* **Problem to work on**
Among the lines below, output only those between the line holding "kitchen with black" and the line holding "Leaders and partners", inclusive, exactly as written and with no pictures.

* **Data extract**
----

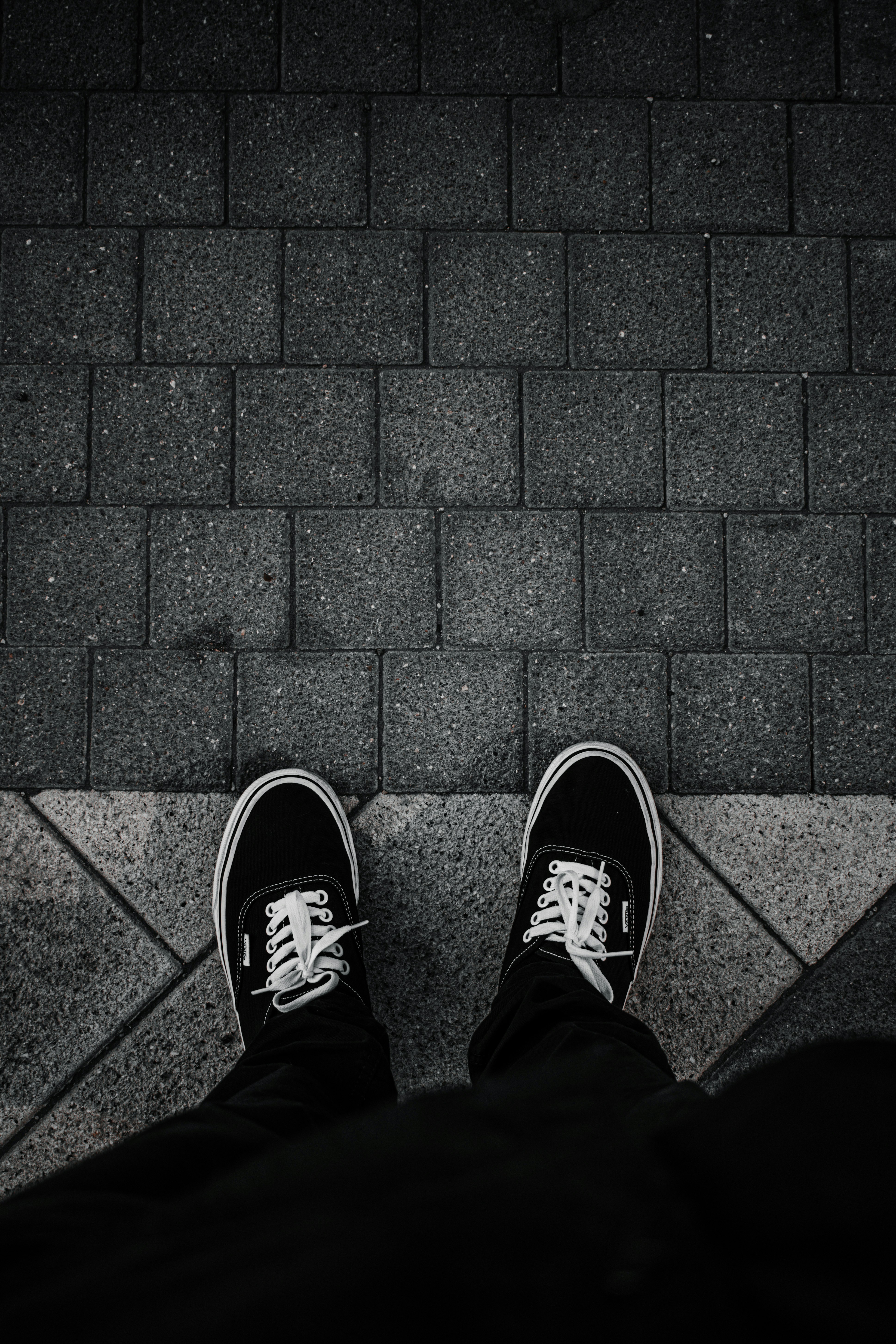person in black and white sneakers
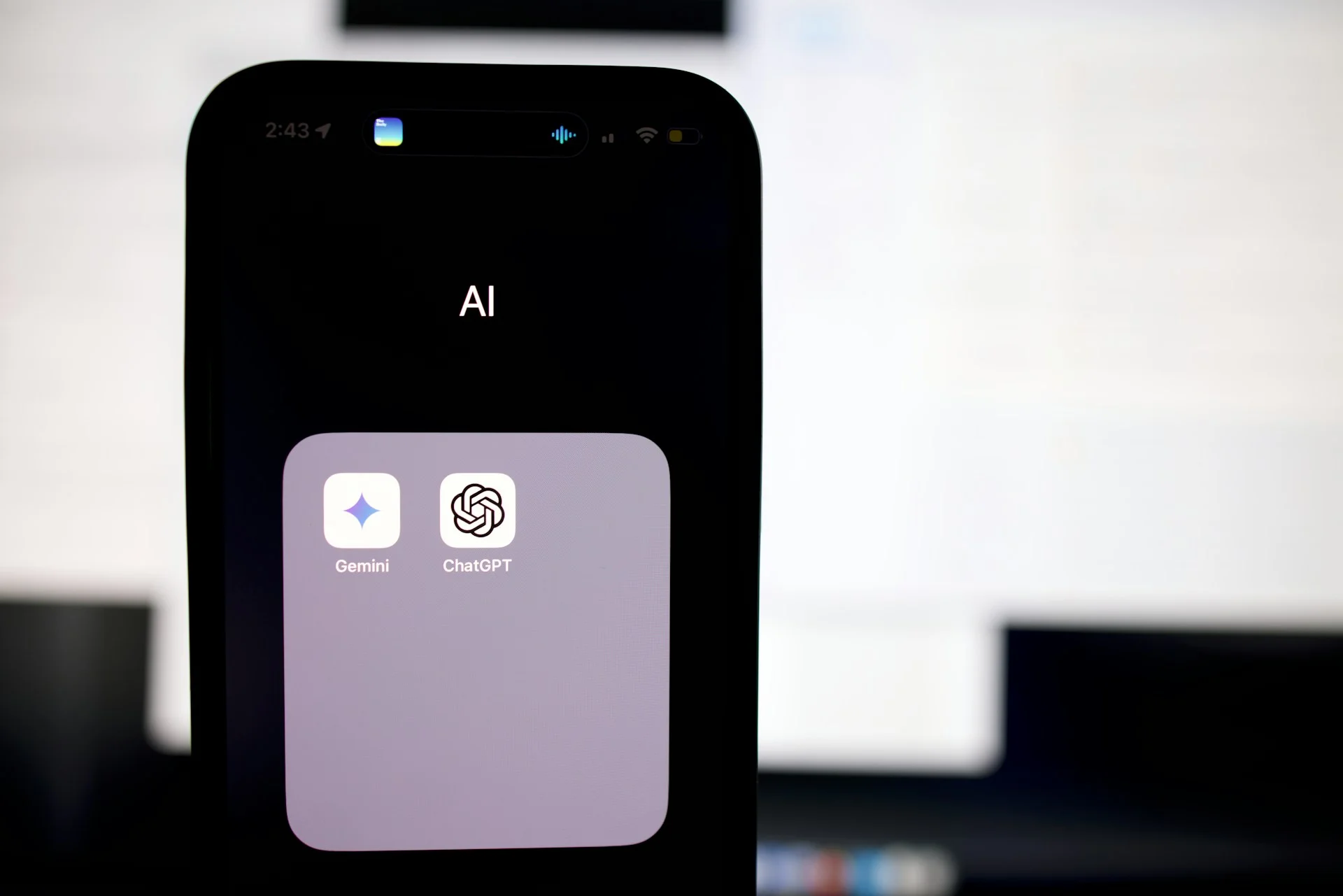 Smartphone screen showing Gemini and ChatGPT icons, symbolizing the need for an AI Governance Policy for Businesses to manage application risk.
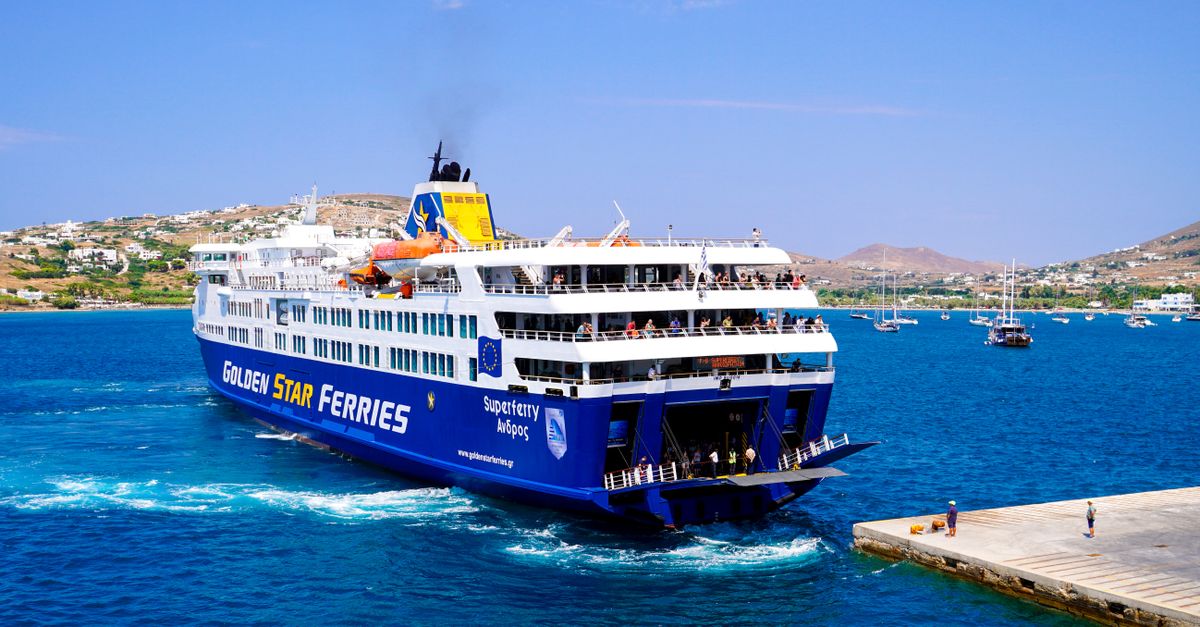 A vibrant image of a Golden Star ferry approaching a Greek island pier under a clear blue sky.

----

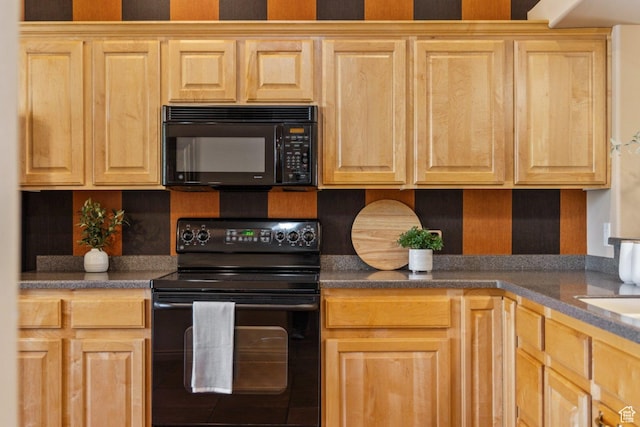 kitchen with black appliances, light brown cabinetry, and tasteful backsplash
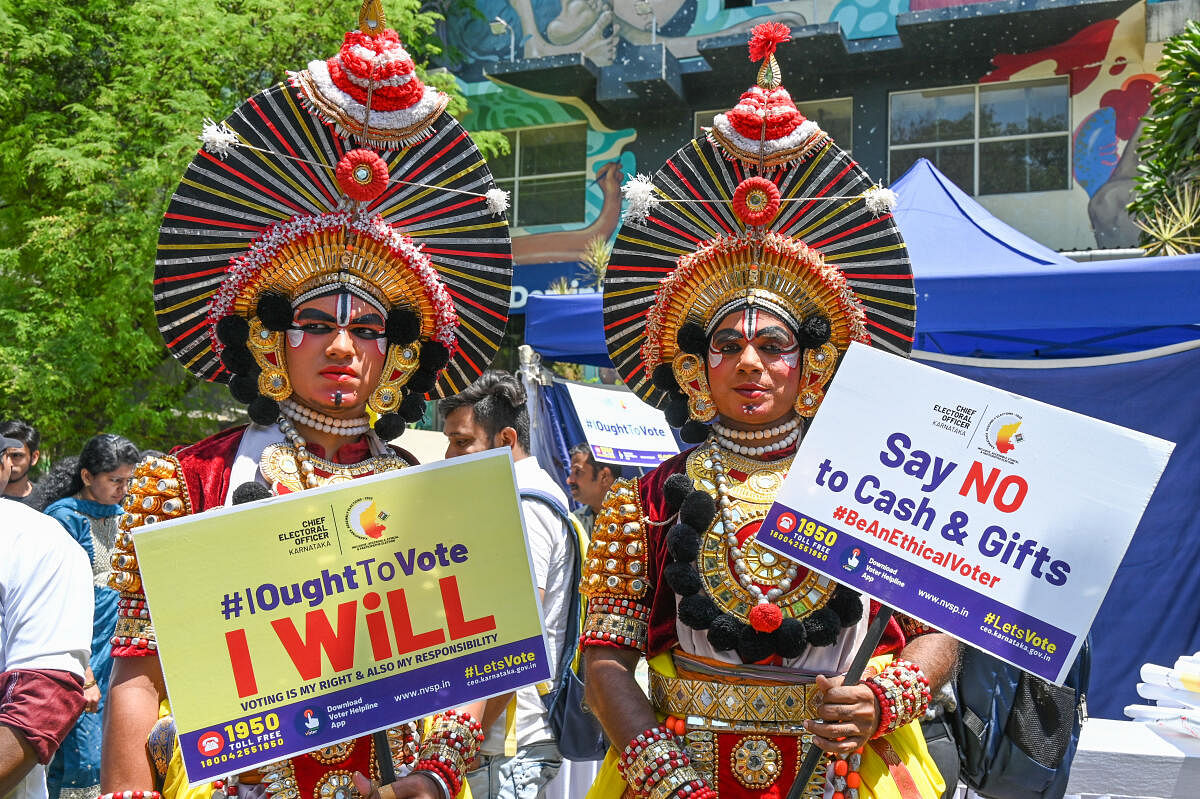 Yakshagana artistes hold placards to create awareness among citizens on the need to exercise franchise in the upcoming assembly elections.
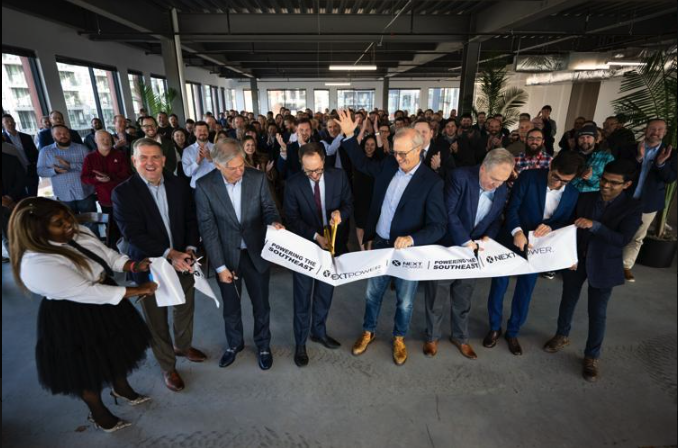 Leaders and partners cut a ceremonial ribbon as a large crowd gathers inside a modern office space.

----

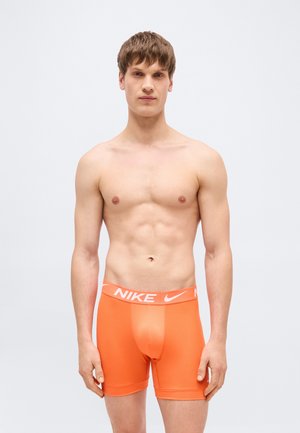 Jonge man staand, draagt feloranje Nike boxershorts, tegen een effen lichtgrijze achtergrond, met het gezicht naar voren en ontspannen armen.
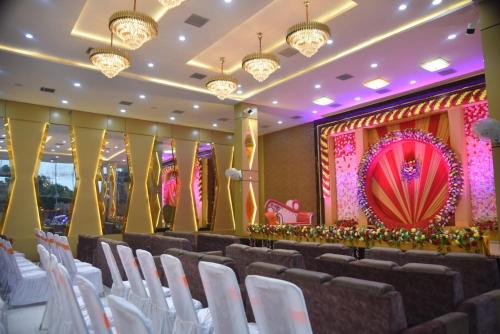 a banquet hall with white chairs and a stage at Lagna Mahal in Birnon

----

* **Response to this task**
 kitchen with black appliances, light brown cabinetry, and tasteful backsplash
 Yakshagana artistes hold placards to create awareness among citizens on the need to exercise franchise in the upcoming assembly elections.
 Leaders and partners cut a ceremonial ribbon as a large crowd gathers inside a modern office space.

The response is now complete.